Only 50% of U.S. small cap growth managers outperformed the Russell 2000 Growth benchmark at the end of 1Q24. In comparison, 67% of small core managers and north of 75% of small value managers outperformed their comparable benchmarks. The dispersion in active management results between active small cap growth managers and their core and value counterparts can be strongly attributed to two culprits: Supermicro and Microstrategy.
Supermicro makes artificial intelligence (AI) infrastructure solutions; the stock’s fast and furious rise has been correlated with the increasing demand for AI, and to some degree with the continued dominance of Nvidia, one of the company’s most meaningful AI-related partnerships.
Microstrategy, on the other hand, is considered a bitcoin proxy; it is the largest corporate bitcoin holder, thus participating in the surge of cryptocurrency performance in 2023.
Big Surge for Supermicro and Microstrategy
By the end of 2023, Supermicro stock was up over 250% while Microstrategy stock was up over 330%; the stocks’ strong performance has extended thus far into 2024. Due to their combined position sizes in the Russell 2000 Growth and Russell 2000 Indices (6% and 4%, respectively), the returns of both stocks have been incredibly impactful to benchmark performance.
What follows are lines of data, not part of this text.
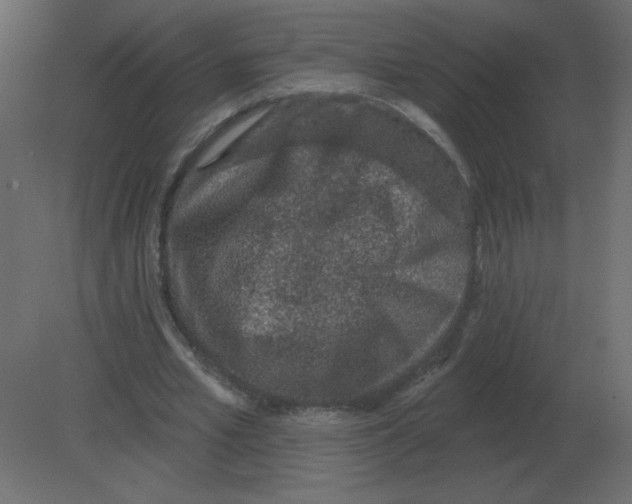 X0000080790581200701122150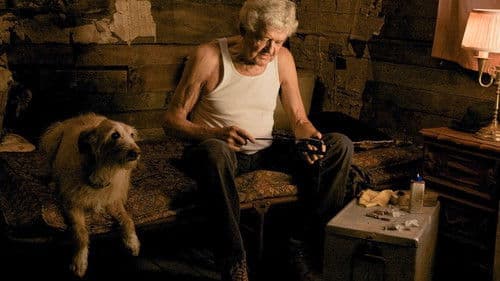 That Evening Sun Bild 6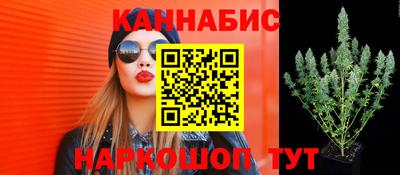 jwh Кинель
For instance, as of March 2024, Supermicro alone contributed over 300 basis points to the Russell 2000 Growth’s total return of 7.6%. The concentration, both from a holdings and performance standpoint, is something we do not often see in the small cap benchmarks.
Because of the position sizes and performance of Supermicro and Microstrategy, some managers with zero or underweight positions in these stocks have experienced some challenges with portfolio performance. Reasons cited by managers for zero or underweight exposures include:
- Implementation hurdles: The market capitalization for Supermicro has increased substantially in a short period of time. Prior to the 2023 Russell reconstitution, Supermicro’s market cap hovered around $5 billion, which is also the average market cap for a Russell 2000 company. Between April and June 2023, its market cap increased to $13 billion (and ended the year at $15 billion). YTD 2024, its market cap has jumped to $60 billion. The stock even earned a place in the S&P 500 Index in March 2024 (concurrent with its position within the small cap benchmarks). For small cap managers with buy-and-sell disciplines which prescribe that transactions take place within the small cap range (under $1 billion to $10 billion), the purchase of or incremental adds to Supermicro after the 2023 reconstitution would have violated these construction guidelines. Similarly, many that owned the stock were forced to sell the position entirely once it graduated beyond the small cap market cap range.
- Valuation: The precipitous rise in the stock prices for both companies led many managers to question the stocks’ respective risk/rewards and potential negative implications of participating at that stage in their life cycles.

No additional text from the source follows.